(Data records)
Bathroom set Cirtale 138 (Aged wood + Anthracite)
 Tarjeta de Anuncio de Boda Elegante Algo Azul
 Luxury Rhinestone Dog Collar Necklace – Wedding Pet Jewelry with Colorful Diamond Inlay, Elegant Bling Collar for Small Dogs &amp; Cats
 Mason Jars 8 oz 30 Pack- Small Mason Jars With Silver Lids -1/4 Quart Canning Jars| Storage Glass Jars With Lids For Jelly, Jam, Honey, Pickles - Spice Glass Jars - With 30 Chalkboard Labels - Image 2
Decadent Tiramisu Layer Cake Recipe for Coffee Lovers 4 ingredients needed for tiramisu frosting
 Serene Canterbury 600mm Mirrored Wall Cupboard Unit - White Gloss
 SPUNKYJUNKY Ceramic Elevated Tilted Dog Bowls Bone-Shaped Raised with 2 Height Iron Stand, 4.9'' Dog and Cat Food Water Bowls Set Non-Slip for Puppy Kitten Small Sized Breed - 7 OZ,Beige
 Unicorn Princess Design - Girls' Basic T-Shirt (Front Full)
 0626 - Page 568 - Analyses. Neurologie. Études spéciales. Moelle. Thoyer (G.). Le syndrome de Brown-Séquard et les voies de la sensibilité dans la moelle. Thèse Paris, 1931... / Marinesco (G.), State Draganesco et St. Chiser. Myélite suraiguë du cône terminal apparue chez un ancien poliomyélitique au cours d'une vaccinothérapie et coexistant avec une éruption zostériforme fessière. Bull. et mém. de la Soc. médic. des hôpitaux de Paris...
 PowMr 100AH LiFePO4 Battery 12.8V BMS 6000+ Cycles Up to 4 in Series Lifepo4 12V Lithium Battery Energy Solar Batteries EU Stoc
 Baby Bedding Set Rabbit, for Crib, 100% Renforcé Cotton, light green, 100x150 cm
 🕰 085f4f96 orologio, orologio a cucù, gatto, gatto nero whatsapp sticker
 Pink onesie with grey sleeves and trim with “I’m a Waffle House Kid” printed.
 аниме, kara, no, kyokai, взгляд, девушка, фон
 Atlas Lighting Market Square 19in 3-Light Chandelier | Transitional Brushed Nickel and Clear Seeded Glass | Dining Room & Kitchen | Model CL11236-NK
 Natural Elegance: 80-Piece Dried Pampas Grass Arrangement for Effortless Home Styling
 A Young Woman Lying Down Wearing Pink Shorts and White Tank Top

### YOUR OBJECTIVE
For the word "White", find all matching lines in the entries above and copy them out.

### ANSWER BOX
 Serene Canterbury 600mm Mirrored Wall Cupboard Unit - White Gloss
 A Young Woman Lying Down Wearing Pink Shorts and White Tank Top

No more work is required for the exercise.